Quantum measurement optimization by decomposition of measurements into extremals

EMV, Carlos Pineda, Pablo Barberis-Blostein

Scientific Reports volume 10, Article number: 9375 (2020)
Scientific Reports

Abstract: Using the convex structure of positive operator value measurements and several quantities used in quantum metrology, such as quantum Fisher information or the quantum Van Trees information, we present an efficient numerical method to find the best strategy allowed by quantum mechanics to estimate a parameter. This method explores extremal measurements thus providing a significant advantage over previously used methods. We exemplify the method for different cost functions in a qubit and in a harmonic oscillator and find a strong numerical advantage when the desired target error is sufficiently small.

Certified answers for ordered quantum discrimination problems

EMV and Ramon Muñoz-Tapia

Phys. Rev. A 100, 042331 (2019)

Abstract: We investigate the quantum state discrimination task for sets of linear independent pure states with an intrinsic ordering. These structured discrimination problems allow for a scheme that provides a certified level of error; that is, answers that never deviate from the true value by more than a specified distance and hence control the desired quality of the results. We obtain an efficient semidefinite program and also find a general lower bound valid for any error distance that only requires the knowledge of an optimal minimum-error scheme. We apply our results to the cases of quantum change point and quantum state anomaly detection.

Online optimal exact identification of a quantum change point

Gael Sentís, EMV, Ramon Muñoz-Tapia

Phys. Rev. A 98, 052305 (2018)

Abstract: We consider online detection strategies for identifying a change point in a stream of quantum particles allegedly prepared in identical states. We show that the identification of the change point can be done without error via sequential local measurements while attaining the optimal performance bound set by quantum mechanics. In this way, we establish the task of exactly identifying a quantum change point as an instance where local protocols are as powerful as global ones. The optimal online detection strategy requires only one bit of memory between subsequent measurements, and it is amenable to experimental realization with current technology.

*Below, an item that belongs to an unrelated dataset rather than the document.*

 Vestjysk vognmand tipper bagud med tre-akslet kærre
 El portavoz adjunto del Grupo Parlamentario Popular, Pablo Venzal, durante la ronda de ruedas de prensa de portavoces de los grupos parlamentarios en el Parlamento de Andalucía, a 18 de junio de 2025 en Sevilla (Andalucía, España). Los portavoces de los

Quantum estimation of unknown parameters

EMV, Carlos Pineda, François Leyvraz, and Pablo Barberis-Blostein

Phys. Rev. A 95, 012136 (2017)

Abstract: We discuss the problem of finding the best measurement strategy for estimating the value of a quantum system parameter. In general the optimum quantum measurement, in the sense that it maximizes the quantum Fisher information and hence allows one to minimize the estimation error, can only be determined if the value of the parameter is already known. A modification of the quantum Van Trees inequality, which gives a lower bound on the error in the estimation of a random parameter, is proposed. The suggested inequality allows us to assert if a particular quantum measurement, together with an appropriate estimator, is optimal. An adaptive strategy to estimate the value of a parameter, based on our modified inequality, is proposed.